Como filósofo moral que era, Smith consideraba que la ética era fundamental para la confianza. Pero también tenía claro que el mundo real no es de ángeles. Que se necesita del Estado y de la regulación para sancionar desviaciones de las reglas que dañan la confianza y al mercado. Y la confianza en el propio Estado es aquí vital: sin ésta “el comercio y las manufacturas difícilmente podrían florecer”. Con todo, sin una ética que contenga a los agentes de deshonrar lo que es justo, la institucionalidad se tornaría en un estado policial. Uno de sobrerregulación en que el progreso tampoco es posible.

El escocés era consciente, que las malas prácticas no sólo afectan a las partes, sino que pueden minar la confianza del sistema en su conjunto. A este respecto, fue particularmente severo en su juicio a los monopolios y a empresarios que se juntan en conversaciones que rara vez no derivan en “alguna conspiración contra el público o un estratagema para subir los precios”. También fue implacable ante el riesgo de captura regulatoria por parte de grupos de interés.

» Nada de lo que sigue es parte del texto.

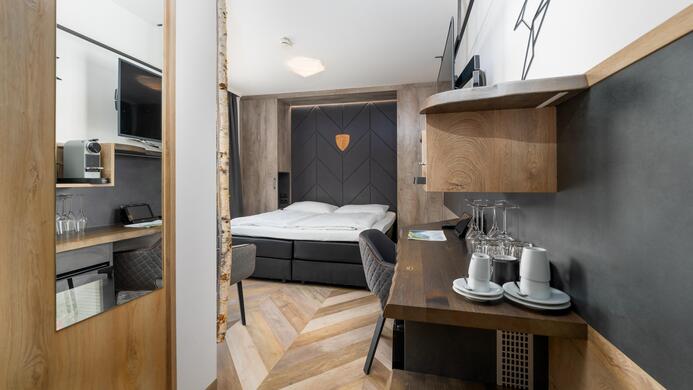 A modern hotel room with a double bed and a desk. The decor is in wood and gray tones, with a cozy atmosphere.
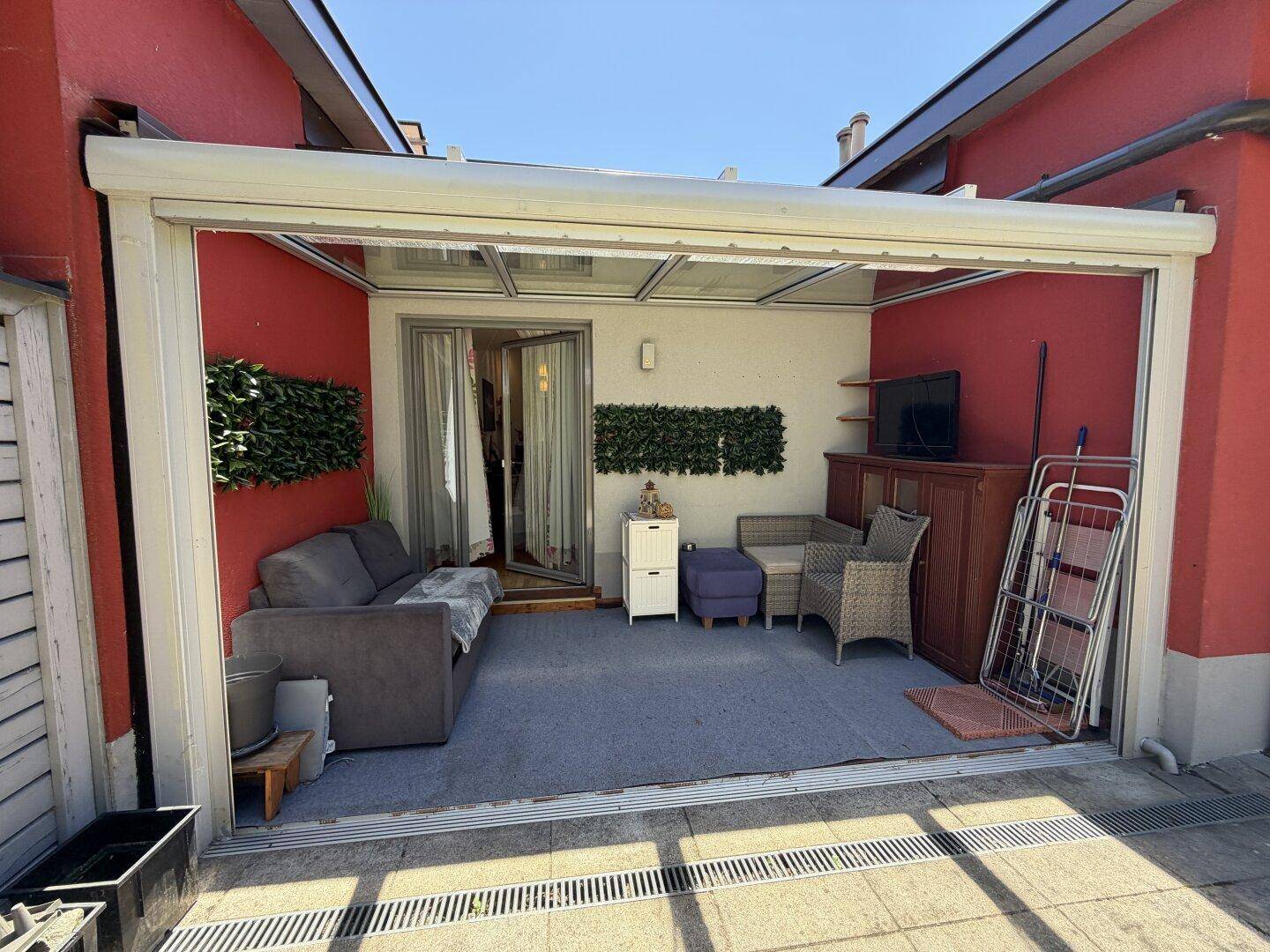 Gemütlicher Wintergarten mit Sofa und Fernseher, ideal zum Entspannen bei jedem Wetter.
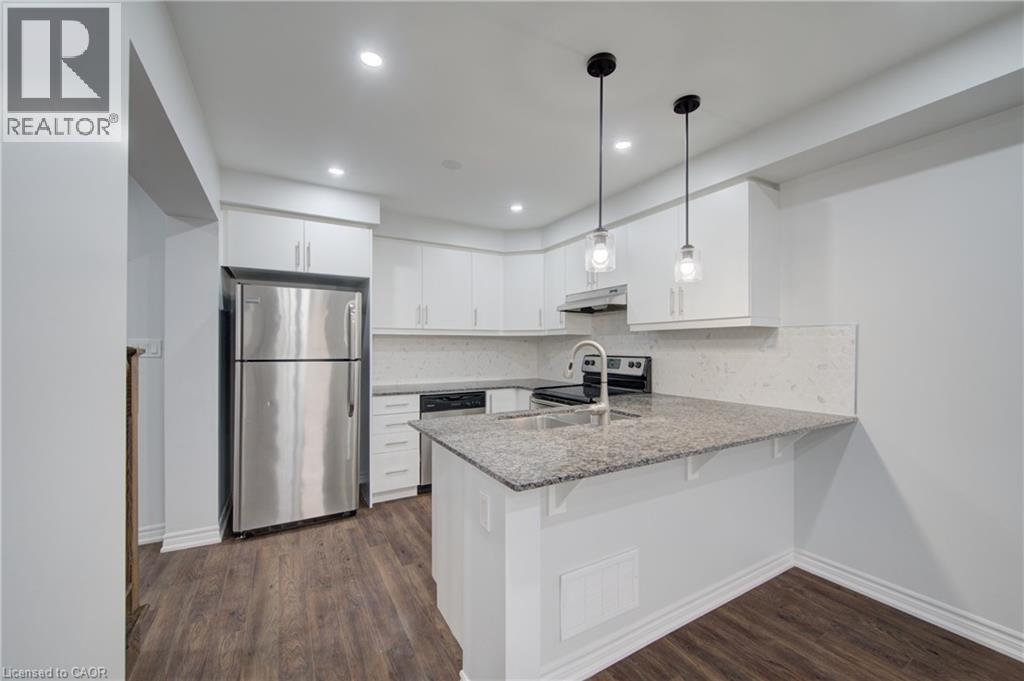 Modern kitchen featuring white cabinetry, stainless steel appliances, granite countertops, and wood-finish flooring - 911 Apple Hill Lane, Kitchener, ON - Indoor Photo Showing Kitchen With Stainless Steel Kitchen With Upgraded Kitchen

Crítico del mercantilismo imperante en su época, Smith denunciaba que “en la mayor parte de las regulaciones que afectan al comercio con las colonias, los mercaderes o empresarios a cargo han sido los principales asesores (del parlamento)”.

En Chile, para nadie es misterio que los escándalos empresariales del último tiempo han agudizado la sensación de desconfianza. No sólo en la empresa. También en la economía de mercado. En la búsqueda de salidas, en lugar de reinventar la rueda o proponer modelos refundacionales, bien valdría la pena volver a los fundamentos y detenerse a leer con cuidado a Adam Smith.